Mereka adalah santri dan alumni Pondok Pesantren Al Musyawwir, Besuk, Situbondo. Aktivitas yang tampak sederhana itu sesungguhnya sarat makna. Ketua Pengurus Pondok, Muhassoni Al Kamali, menekankan bahwa kegiatan ini lebih dari sekadar tradisi Ramadan.
“Ini praktik nyata ajaran An-nafu lil ghair, menjadi pribadi yang bermanfaat bagi orang lain. Melalui aksi ini, santri dan alumni mengekspresikan kepedulian mereka,” ujarnya.
Bagi Muhammad Khoirul Anwar, Ketua Alumni, momen ini bagai “cara pulang” simbolik.

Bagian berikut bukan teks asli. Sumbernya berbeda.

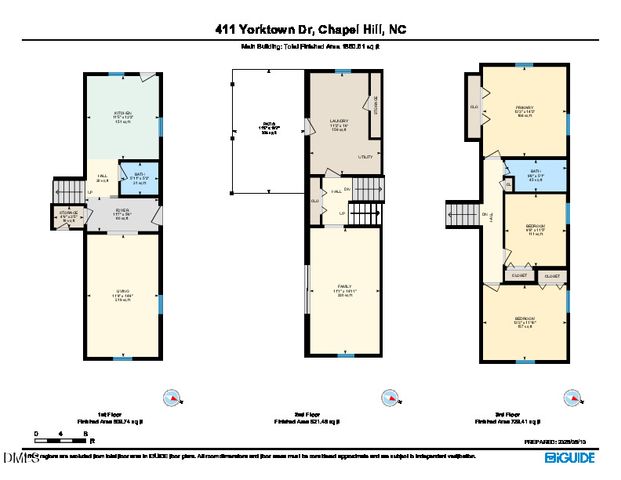 411 Yorktown Drive, Chapel Hill, NC 27516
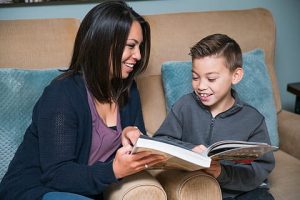 parents reading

Meski kini mereka berkiprah di berbagai profesi, kembali ke pesantren untuk membagi takjil adalah pengingat semangat pengabdian yang ditanam sejak menuntut ilmu.

“Ini bukan sekadar memberi makanan. Lebih dari itu, kami menjaga silaturahmi, merawat rasa kebersamaan yang tak lekang oleh waktu,” kata Anwar.
Santri aktif, Nurul Frandika, menambahkan, kebahagiaan itu ternyata sederhana. “Senangnya bisa berbagi! Bersama alumni, kami belajar bahwa bahagia itu cukup melihat senyum orang-orang yang menerima takjil dari kami,” ujarnya sambil tersenyum.
Aktivitas dimulai sejak pukul 14.00, dengan konsolidasi dan pengemasan paket di pondok. Setelah briefing singkat dan doa bersama, rombongan bergerak ke titik-titik strategis di jalan utama. Setiap paket dibagikan secara tertib, area pun dibersihkan setelah selesai. Puncaknya, mereka berbuka bersama, mempererat ikatan kekeluargaan antara santri, alumni, dan para asatidz.
Muhassoni menegaskan, pesantren tidak sekadar menara gading di balik tembok, tetapi juga oase yang menyegarkan di tengah dahaga sosial. “Bagi-bagi takjil ini adalah pesan bisu. Santri hadir untuk merasakan apa yang dirasakan umat, sekaligus memberi apa yang bisa mereka persembahkan,” ujarnya.
Di Jalan Gunung Ijen, senyum penerima takjil menjadi saksi nyata bahwa kepedulian sosial mampu menembus batas generasi, profesi, dan jarak. Bagi santri dan alumni Al Musyawwir, berbagi bukan sekadar ritual, tetapi cara menebar berkah dan menanam empati.